Zu Beginn der Amtszeit von Arias habe sich das anders dargestellt, berichtet Merino. Die Schlagwörter „Klimaneutral“ und „Frieden mit der Natur“ hätten die Hoffnung auf politische Fortschritte genährt. Deutlicher wird Heidy Murillo. Für die Vorsitzende des Umweltdachverbandes FECON war das Projekt „Frieden mit der Natur“ von vorneherein eine Mogelpackung. „Unter der Ägide von Arias erleben wir ökologischen Notstand wie schon lange nicht mehr“, sagte Murillo. Einige Beispiele seien Gemeinden im Süden Costa Ricas, die derzeit um ihren Zugang zum Trinkwasser kämpfen, weil die Regierung Massentourismusprojekte unterstütze, die den Anwohnern im wahrsten Sinne des Wortes das Wasser abgraben. Anderenorts wehren sich Küstenbewohner und Fischer gegen ihre Vertreibung durch Immobilienspekulanten.

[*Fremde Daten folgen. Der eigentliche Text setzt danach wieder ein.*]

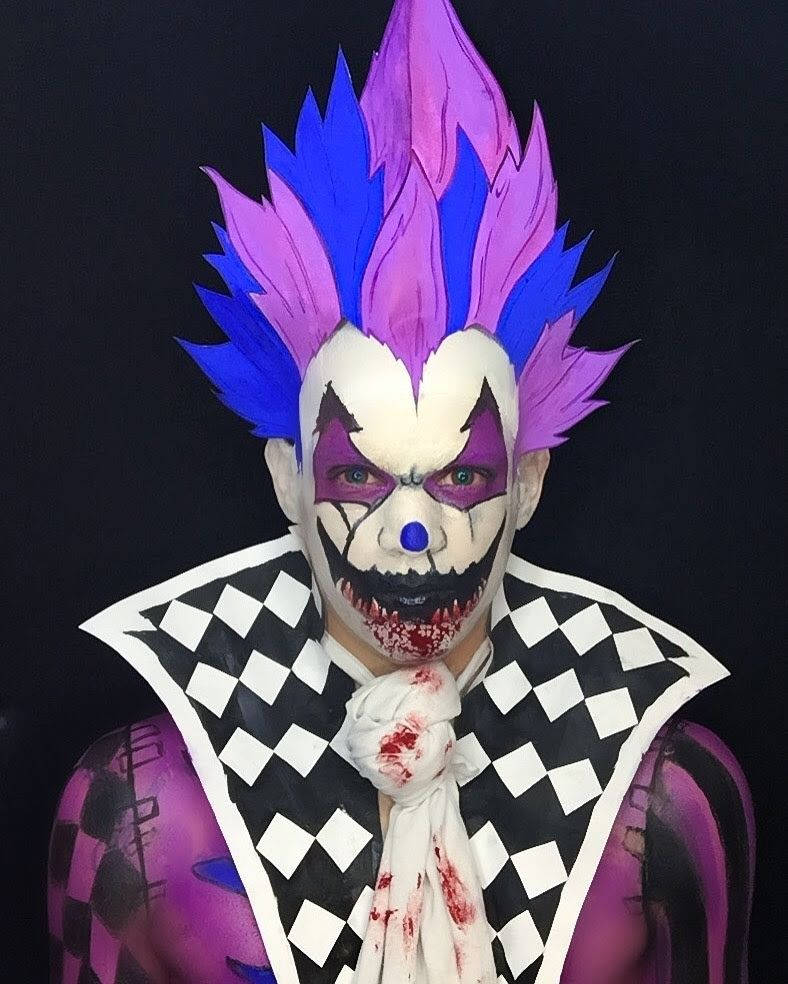 Free Fire Joker, spiky blue and purple hair, bloodstained checkered collar, SD Phone Wallpaper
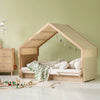A light natural wood house-shaped children's bed with a slanted roof, styled with a striped green and white blanket and patterned pillows in a pale green children's bedroom.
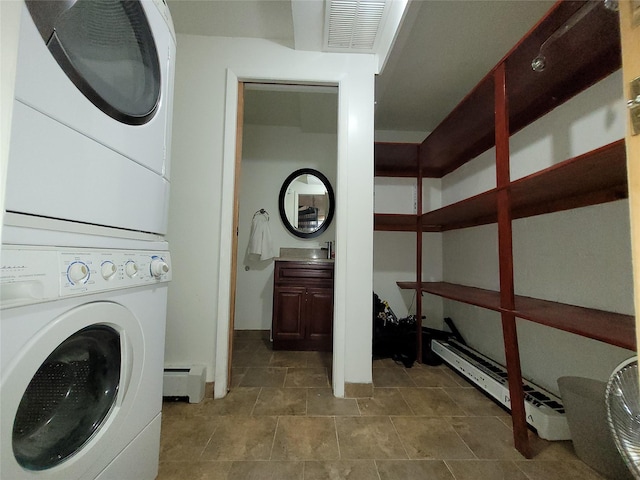 240-02 70th Ave Unit 1C, Douglaston, NY 11362 - laundry area featuring stacked washer / drying machine and baseboard heating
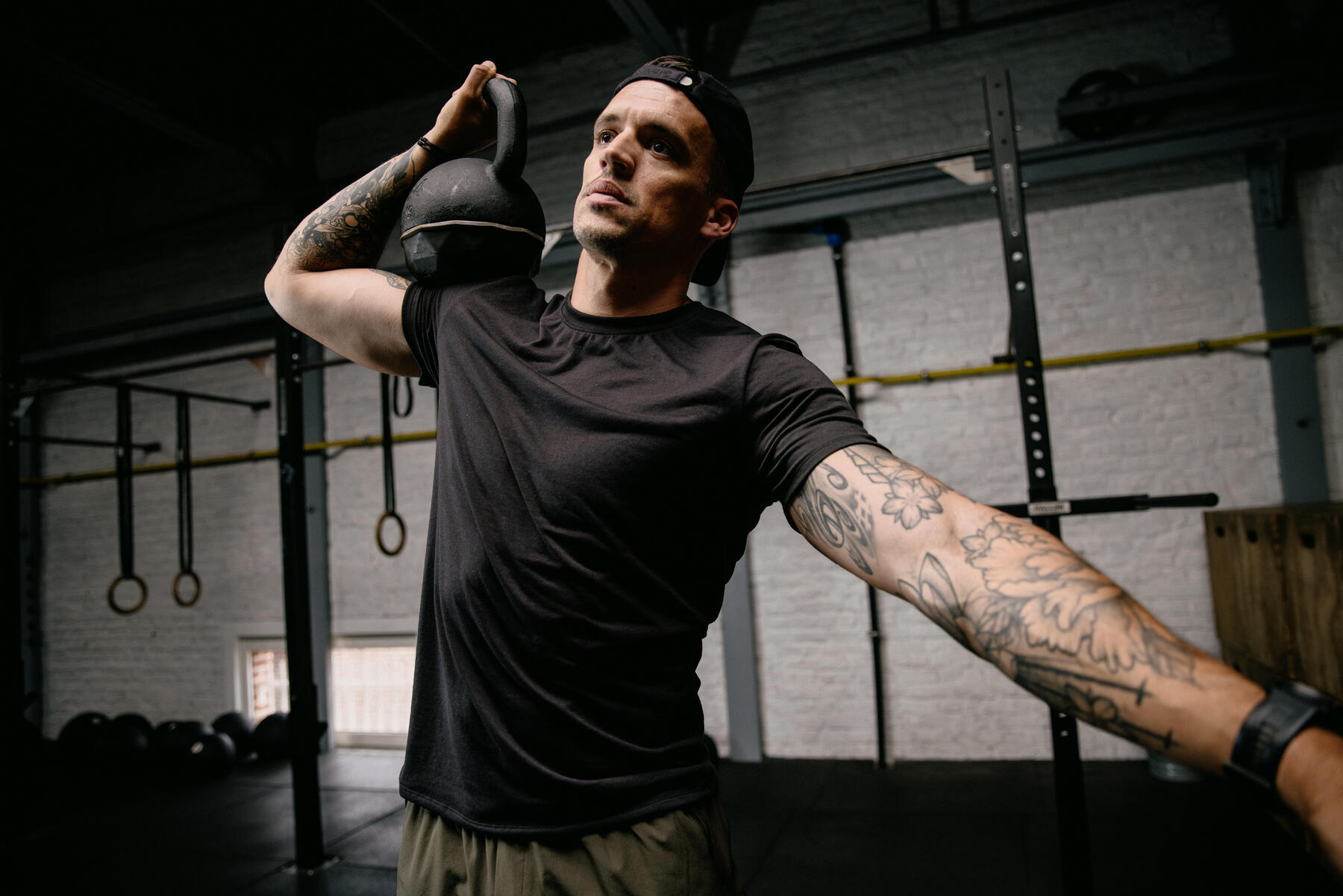 Mężczyzna w odzieży sportowej ćwiczący z kettlebellem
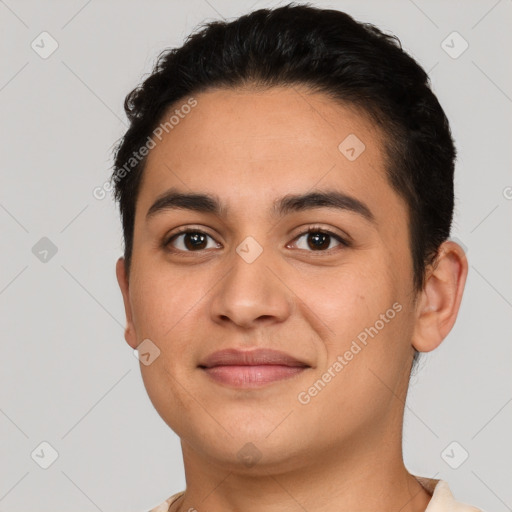 Joyful latino young-adult male with short  brown hair and brown eyes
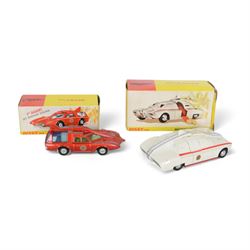 Two Dinky Toys diecast Captain Scarlet vehicles, comprising Spectrum Patrol Car no. 103, with red metallic body, white base, blue tinted windows and silver trim and Maximum Security Vehicle no. 105, the white body with red stripes and base, chrome trim and cast spun hubs, with radiation box, both boxed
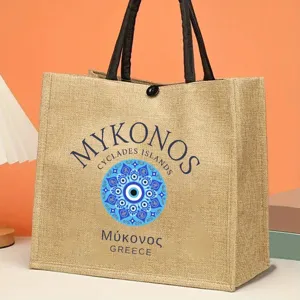 Stylish jute tote bag with Mykonos evil eye print, perfect everyday canvas handbag.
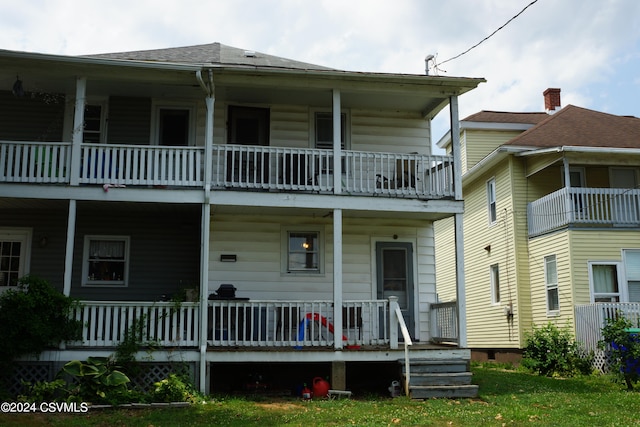 view of front of home with a balcony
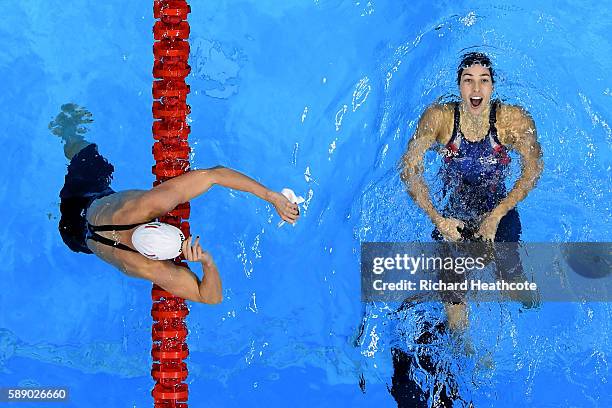 Madeline Dirado of the United States celebrates will gold ahead of Katinka Hosszu of Hungary in the Women's 200m Backstroke Final on Day 7 of the Rio...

Besonders offensichtlich sei die unökologische Praxis der „grünen“ Arias-Regierung beim Projekt für Goldminen im Tagebau „Las Crucitas“ in der Grenzregion mit Nicaragua, gegen welches Nicaraguas Regierung auch bereits protestierte.

Es ist ein Hohn: Costa Rica ist das einzige Land der Welt, das einen Friedensnobelpreisträger als Präsidenten hat, welcher der Natur sogar den Frieden erklärt hat. Gleichzeitig ist dieser Präsident der einzige, der den Goldminentagebau zum nationalen Interesse erklärt hat.

Isaac Rojas vom Naturschutzbund Amigos de la tierra

Das Umweltministerium führt derzeit ein Interimschef. Denn im März musste der damalige Umweltminister Roberto Dobles zurück treten, nachdem herauskam, dass seine Frau Geschäftsbeziehungen zu eben dem kanadischen Minenunternehmen unterhalte, dem er die Konzession zum Goldschürfen erteilt hatte. Ein peinlicher Skandal für die Regierung des „grünen“ Präsidenten.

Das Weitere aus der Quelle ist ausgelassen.